++++ THE DATA
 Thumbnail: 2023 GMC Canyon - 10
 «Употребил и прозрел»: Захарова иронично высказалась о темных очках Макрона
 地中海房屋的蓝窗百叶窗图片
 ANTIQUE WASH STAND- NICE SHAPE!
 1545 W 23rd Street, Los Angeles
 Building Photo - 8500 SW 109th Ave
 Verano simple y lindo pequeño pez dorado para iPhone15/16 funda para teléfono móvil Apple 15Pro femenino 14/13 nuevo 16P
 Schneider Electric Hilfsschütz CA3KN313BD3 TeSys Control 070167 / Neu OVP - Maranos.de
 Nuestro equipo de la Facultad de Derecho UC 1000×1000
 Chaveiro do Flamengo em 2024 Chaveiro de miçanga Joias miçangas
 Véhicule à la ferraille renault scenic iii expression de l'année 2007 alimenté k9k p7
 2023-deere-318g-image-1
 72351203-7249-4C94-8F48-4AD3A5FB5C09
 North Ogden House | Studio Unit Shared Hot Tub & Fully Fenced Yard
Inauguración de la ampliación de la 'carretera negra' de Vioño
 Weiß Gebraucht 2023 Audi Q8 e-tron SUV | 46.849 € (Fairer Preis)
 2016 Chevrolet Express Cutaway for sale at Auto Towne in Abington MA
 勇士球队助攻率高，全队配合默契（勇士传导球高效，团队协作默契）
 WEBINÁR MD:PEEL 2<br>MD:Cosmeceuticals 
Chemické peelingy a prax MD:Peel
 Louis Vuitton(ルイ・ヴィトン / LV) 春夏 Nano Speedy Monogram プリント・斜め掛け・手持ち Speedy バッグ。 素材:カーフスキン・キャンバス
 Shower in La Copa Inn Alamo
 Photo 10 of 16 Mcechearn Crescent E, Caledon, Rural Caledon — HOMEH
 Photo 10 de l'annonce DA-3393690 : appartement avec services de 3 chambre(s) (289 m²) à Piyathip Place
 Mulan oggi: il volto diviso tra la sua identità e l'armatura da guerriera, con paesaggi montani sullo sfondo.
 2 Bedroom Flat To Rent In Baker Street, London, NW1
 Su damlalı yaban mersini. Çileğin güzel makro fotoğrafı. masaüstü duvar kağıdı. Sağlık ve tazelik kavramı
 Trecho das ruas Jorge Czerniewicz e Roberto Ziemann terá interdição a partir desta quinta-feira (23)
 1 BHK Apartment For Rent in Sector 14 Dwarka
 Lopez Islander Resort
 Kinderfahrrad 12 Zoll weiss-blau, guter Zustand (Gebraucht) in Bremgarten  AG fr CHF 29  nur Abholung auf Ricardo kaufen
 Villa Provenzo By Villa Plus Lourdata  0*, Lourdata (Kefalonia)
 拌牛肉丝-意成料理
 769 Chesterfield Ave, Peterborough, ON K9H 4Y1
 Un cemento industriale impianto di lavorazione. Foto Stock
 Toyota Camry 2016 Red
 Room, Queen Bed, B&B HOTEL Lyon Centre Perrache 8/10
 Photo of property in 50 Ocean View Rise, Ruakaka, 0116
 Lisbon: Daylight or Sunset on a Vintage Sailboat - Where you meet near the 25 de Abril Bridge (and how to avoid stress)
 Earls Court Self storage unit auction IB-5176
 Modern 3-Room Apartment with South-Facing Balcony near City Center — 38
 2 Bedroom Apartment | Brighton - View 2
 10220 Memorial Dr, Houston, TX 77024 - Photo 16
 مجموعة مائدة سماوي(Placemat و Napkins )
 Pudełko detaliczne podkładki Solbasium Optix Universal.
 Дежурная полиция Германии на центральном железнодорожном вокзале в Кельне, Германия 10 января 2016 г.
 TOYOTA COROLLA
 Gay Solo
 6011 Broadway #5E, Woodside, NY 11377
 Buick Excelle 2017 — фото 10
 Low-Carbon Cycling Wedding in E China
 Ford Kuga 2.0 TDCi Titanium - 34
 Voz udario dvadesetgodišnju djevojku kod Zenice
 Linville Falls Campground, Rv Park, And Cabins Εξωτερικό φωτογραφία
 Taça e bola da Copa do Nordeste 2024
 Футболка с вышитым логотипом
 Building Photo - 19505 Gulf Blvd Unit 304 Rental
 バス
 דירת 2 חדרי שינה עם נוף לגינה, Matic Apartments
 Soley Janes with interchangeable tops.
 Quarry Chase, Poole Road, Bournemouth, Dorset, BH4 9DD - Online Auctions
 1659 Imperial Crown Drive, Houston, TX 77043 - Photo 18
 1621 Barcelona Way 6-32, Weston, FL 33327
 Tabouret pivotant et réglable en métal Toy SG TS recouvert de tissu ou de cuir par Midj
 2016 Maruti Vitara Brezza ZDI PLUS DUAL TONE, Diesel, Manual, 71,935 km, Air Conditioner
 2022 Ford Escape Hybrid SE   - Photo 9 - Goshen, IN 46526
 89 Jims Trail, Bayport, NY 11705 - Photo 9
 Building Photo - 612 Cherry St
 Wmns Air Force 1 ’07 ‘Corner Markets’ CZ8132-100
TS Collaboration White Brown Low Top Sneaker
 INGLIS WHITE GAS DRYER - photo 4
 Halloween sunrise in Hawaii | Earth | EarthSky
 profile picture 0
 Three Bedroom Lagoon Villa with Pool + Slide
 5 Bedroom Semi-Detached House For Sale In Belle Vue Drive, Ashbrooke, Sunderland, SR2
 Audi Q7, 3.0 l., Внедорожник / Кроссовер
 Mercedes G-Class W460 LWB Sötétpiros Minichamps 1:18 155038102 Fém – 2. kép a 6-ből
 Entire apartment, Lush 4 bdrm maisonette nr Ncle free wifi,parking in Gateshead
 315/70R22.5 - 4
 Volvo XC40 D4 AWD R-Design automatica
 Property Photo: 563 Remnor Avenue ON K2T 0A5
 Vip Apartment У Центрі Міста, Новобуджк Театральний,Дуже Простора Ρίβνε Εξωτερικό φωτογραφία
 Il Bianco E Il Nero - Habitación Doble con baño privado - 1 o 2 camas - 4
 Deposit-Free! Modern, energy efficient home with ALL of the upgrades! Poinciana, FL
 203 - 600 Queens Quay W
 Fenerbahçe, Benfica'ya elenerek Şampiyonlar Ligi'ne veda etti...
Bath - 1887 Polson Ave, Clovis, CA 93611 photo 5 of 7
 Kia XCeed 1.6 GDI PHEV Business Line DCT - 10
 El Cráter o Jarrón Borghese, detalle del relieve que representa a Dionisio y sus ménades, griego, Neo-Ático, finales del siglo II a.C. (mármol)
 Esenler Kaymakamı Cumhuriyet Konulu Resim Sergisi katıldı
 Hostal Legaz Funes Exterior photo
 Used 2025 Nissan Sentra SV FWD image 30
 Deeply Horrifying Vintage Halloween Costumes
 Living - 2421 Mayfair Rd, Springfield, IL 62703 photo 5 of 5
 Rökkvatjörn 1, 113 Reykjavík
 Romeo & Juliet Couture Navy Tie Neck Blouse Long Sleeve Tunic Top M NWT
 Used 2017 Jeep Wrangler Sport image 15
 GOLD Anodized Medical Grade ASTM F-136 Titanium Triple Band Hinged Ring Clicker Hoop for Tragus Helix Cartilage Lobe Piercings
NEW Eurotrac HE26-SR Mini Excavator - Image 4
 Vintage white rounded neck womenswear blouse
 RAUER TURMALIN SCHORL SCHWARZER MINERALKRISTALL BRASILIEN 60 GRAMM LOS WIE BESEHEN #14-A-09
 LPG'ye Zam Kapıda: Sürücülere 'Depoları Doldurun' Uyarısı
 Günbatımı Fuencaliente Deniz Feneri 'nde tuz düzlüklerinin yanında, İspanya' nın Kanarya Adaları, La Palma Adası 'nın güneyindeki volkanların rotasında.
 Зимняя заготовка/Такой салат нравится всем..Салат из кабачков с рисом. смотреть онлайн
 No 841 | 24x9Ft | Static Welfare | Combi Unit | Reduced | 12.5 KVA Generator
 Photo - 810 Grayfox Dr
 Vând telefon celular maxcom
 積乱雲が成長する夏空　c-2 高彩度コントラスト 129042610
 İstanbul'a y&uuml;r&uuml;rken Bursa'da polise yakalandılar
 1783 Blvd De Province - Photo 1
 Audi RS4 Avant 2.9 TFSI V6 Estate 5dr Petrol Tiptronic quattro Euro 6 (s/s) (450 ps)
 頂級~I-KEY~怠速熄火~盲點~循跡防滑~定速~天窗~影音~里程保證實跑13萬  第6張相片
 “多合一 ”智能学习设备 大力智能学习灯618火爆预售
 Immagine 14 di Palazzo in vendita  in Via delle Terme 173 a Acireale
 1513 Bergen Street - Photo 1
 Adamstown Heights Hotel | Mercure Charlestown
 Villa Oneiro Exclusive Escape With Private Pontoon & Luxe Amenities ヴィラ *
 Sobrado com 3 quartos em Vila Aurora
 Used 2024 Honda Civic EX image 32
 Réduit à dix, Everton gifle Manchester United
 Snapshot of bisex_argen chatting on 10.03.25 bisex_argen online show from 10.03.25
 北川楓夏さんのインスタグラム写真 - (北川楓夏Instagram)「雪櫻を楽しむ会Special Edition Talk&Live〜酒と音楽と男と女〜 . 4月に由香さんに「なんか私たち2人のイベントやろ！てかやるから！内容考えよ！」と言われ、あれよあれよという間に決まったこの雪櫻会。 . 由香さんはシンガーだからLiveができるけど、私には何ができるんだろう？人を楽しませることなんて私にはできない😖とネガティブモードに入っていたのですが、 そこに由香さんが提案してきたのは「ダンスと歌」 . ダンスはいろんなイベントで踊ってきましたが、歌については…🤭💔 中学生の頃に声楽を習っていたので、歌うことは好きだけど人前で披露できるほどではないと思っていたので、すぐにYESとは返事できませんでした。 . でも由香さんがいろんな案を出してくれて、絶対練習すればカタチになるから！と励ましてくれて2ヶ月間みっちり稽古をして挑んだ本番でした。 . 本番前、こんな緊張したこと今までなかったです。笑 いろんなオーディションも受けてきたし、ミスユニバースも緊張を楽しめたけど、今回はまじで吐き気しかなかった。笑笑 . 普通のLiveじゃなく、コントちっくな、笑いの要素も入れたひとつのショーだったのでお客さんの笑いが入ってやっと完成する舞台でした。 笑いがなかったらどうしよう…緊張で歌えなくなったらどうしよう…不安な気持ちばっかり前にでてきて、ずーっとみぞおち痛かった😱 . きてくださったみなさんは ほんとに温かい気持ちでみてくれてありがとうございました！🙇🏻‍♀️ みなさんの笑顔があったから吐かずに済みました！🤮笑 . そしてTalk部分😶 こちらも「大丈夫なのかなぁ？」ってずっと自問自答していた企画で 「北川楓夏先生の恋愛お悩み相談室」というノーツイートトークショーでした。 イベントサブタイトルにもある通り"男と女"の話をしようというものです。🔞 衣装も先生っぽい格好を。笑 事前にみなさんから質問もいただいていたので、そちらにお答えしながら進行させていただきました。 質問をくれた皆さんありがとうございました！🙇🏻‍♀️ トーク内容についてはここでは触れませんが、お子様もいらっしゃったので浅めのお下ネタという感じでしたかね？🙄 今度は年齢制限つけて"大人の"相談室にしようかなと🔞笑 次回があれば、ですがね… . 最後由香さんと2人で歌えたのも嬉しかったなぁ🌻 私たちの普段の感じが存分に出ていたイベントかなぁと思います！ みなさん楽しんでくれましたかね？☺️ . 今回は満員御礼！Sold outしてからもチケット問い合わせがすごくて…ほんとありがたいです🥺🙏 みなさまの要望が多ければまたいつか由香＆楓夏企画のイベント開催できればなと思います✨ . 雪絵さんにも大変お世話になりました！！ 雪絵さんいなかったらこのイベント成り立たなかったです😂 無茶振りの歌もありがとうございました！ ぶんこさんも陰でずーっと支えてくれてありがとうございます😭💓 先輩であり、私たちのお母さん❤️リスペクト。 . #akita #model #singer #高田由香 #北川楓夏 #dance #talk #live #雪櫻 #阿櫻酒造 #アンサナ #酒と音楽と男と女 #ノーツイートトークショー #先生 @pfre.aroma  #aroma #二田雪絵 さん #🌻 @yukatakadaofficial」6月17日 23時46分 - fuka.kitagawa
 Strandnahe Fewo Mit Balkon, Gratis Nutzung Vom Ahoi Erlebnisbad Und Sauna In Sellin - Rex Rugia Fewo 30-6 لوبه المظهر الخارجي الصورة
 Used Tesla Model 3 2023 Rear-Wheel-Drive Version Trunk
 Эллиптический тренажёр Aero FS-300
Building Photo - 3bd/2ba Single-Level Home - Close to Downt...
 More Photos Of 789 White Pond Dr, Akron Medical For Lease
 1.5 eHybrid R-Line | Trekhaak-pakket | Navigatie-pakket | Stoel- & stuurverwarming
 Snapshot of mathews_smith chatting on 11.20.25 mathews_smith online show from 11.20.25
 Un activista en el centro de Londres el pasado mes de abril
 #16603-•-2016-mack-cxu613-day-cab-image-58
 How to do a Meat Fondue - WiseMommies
++++++++
TASK PROMPT:
For the lines above, output exactly those from the line containing "Romeo & Juliet" through the line containing "Réduit à dix, Everton", and skip the others.

EXPECTED OUTPUT:
 Romeo & Juliet Couture Navy Tie Neck Blouse Long Sleeve Tunic Top M NWT
 Used 2017 Jeep Wrangler Sport image 15
 GOLD Anodized Medical Grade ASTM F-136 Titanium Triple Band Hinged Ring Clicker Hoop for Tragus Helix Cartilage Lobe Piercings
NEW Eurotrac HE26-SR Mini Excavator - Image 4
 Vintage white rounded neck womenswear blouse
 RAUER TURMALIN SCHORL SCHWARZER MINERALKRISTALL BRASILIEN 60 GRAMM LOS WIE BESEHEN #14-A-09
 LPG'ye Zam Kapıda: Sürücülere 'Depoları Doldurun' Uyarısı
 Günbatımı Fuencaliente Deniz Feneri 'nde tuz düzlüklerinin yanında, İspanya' nın Kanarya Adaları, La Palma Adası 'nın güneyindeki volkanların rotasında.
 Зимняя заготовка/Такой салат нравится всем..Салат из кабачков с рисом. смотреть онлайн
 No 841 | 24x9Ft | Static Welfare | Combi Unit | Reduced | 12.5 KVA Generator
 Photo - 810 Grayfox Dr
 Vând telefon celular maxcom
 積乱雲が成長する夏空　c-2 高彩度コントラスト 129042610
 İstanbul'a y&uuml;r&uuml;rken Bursa'da polise yakalandılar
 1783 Blvd De Province - Photo 1
 Audi RS4 Avant 2.9 TFSI V6 Estate 5dr Petrol Tiptronic quattro Euro 6 (s/s) (450 ps)
 頂級~I-KEY~怠速熄火~盲點~循跡防滑~定速~天窗~影音~里程保證實跑13萬  第6張相片
 “多合一 ”智能学习设备 大力智能学习灯618火爆预售
 Immagine 14 di Palazzo in vendita  in Via delle Terme 173 a Acireale
 1513 Bergen Street - Photo 1
 Adamstown Heights Hotel | Mercure Charlestown
 Villa Oneiro Exclusive Escape With Private Pontoon & Luxe Amenities ヴィラ *
 Sobrado com 3 quartos em Vila Aurora
 Used 2024 Honda Civic EX image 32
 Réduit à dix, Everton gifle Manchester United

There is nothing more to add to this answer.